ECLI:NL:HR:2005:AU2799
Hoge Raad
- Cassatie
- A.G. Pos
- L. Monné
- A.R. Leemreis
- Rechtspraak.nl
Weigering energiepremie wegens termijnoverschrijding
In deze zaak heeft de Hoge Raad op 16 september 2005 uitspraak gedaan in een cassatieprocedure betreffende de weigering van een energiepremie aan X B.V. Het verzoek om de premie was ingediend na de deadline, wat leidde tot een geschil over de tijdigheid van de aanvraag. De Inspecteur had op 25 september 2002 besloten dat de aanvraag terecht was afgewezen, waarna belanghebbende in beroep ging bij het Gerechtshof. Het Hof verklaarde het beroep ongegrond, waarop belanghebbende cassatie instelde.

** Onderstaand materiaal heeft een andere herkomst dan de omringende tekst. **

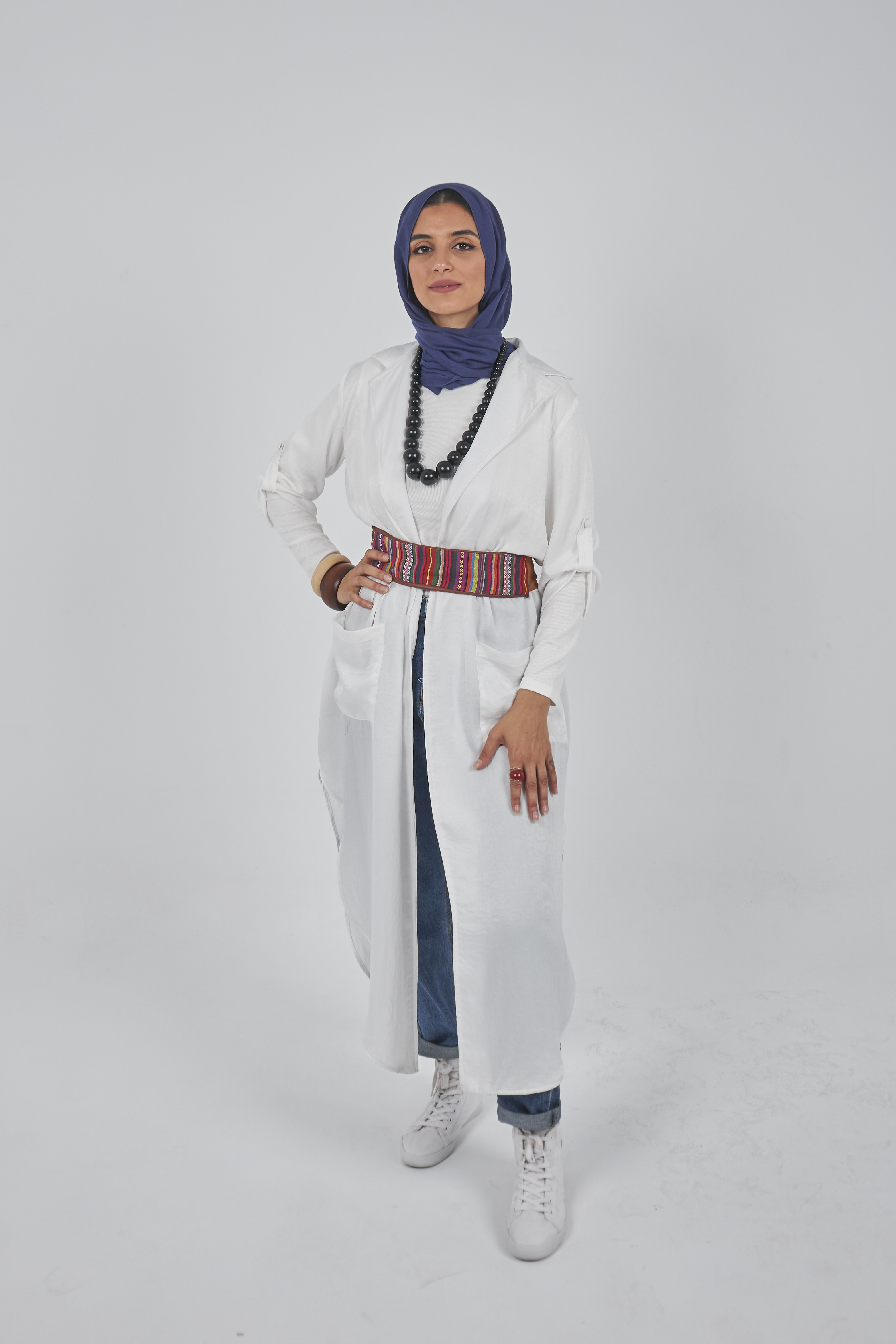 White Long Shirt Dress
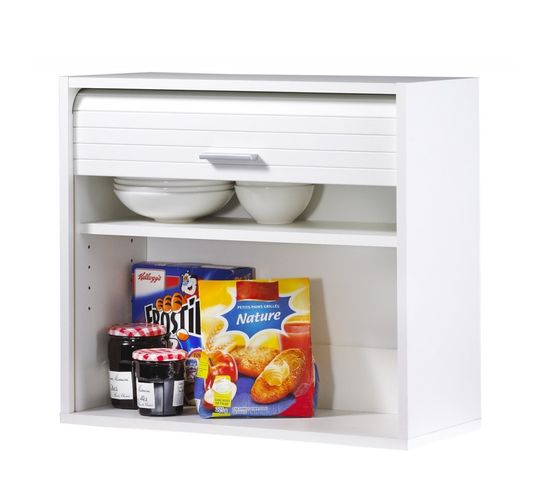 Meuble De Cuisine Blanc 1 Etagère À Poser Ou Suspendre L 60 H 53.6 P 25 Cm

De Hoge Raad heeft vastgesteld dat de aanvraag voor de energiepremie op 20 juni 2002 was ingediend, maar dat de laatste termijn van de aanneemsom voor de werkzaamheden aan de woningen op 22 februari 2002 was betaald. De Hoge Raad oordeelde dat het Hof terecht had geoordeeld dat de aanvraag niet tijdig was ingediend, aangezien deze uiterlijk dertien weken na de aanschaf van de voorziening had moeten worden gedaan. De Hoge Raad concludeerde dat het Hof geen onjuiste rechtsopvatting had gehanteerd en dat de beslissing van het Hof niet onbegrijpelijk of onvoldoende gemotiveerd was.
De Hoge Raad heeft de middelen van cassatie verworpen en het beroep ongegrond verklaard. De proceskosten werden niet toegewezen, omdat de Hoge Raad geen termen aanwezig achtte voor een veroordeling in de proceskosten. Dit arrest is gewezen door de vice-president A.G. Pos als voorzitter, en de raadsheren L. Monné en A.R. Leemreis, in tegenwoordigheid van de waarnemend griffier A.I. Boussak-Leeksma, en in het openbaar uitgesproken op 16 september 2005.